Plenty of questions remain over the Uvalde, Texas, school massacre. But three days into the investigation, one thing is now for certain: law enforcement officials catastrophically mismanaged their response as 19 children and two teachers were killed inside a single classroom.
“From the benefit of hindsight where I’m sitting now, of course it was the wrong decision—period,” Director of the Texas Department of Public Safety Steven McCraw told reporters at a tense press conference on Friday. McCraw was referring to the call by the on-scene commander at the time of Tuesday’s attack to not enter the classroom where an 18-year-old gunman had been located for more than an hour.
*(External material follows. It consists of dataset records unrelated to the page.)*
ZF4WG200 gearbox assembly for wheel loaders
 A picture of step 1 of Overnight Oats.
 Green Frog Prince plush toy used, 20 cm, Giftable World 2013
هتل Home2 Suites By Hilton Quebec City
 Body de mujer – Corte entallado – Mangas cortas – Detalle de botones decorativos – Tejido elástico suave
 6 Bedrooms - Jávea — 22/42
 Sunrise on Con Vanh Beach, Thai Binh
The damning assessment comes a day after officials confirmed that “numerous” officers had been stationed just outside the classroom—only to retreat and wait for a special tactical team to arrive.
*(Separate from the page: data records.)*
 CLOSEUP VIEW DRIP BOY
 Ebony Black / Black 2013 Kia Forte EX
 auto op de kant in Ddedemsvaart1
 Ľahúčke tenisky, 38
“There’s no excuse for that,” McCraw continued, before appearing to offer exactly that: “Again, I wasn’t there.”
"How many kids could have been saved had they breached the room?"
"I don't know." pic.twitter.com/TDbElnY4mV
— Brian Stelter (@brianstelter) May 27, 2022
The press conference is sure to fuel public outrage as questions mount over the nearly 90-minute delay in police response—and what exactly transpired between the first 911 calls and when police eventually killed the 18-year-old gunman. In the wake of Tuesday’s massacre—the second deadliest school shooting in US history—law enforcement officials have repeatedly offered contradictory accounts of how they handled the shooting inside Robb Elementary School.
Texas DPS official refuses to say why officers didn't breach the door of the classroom for the hour that the Uvalde shooter was in there shooting children. pic.twitter.com/br2fdYruty
— Greg Price (@greg_price11) May 26, 2022
“If I thought it would help, I would apologize,” McCraw said on Friday. For the family members of Tuesday’s massacre, it surely won’t.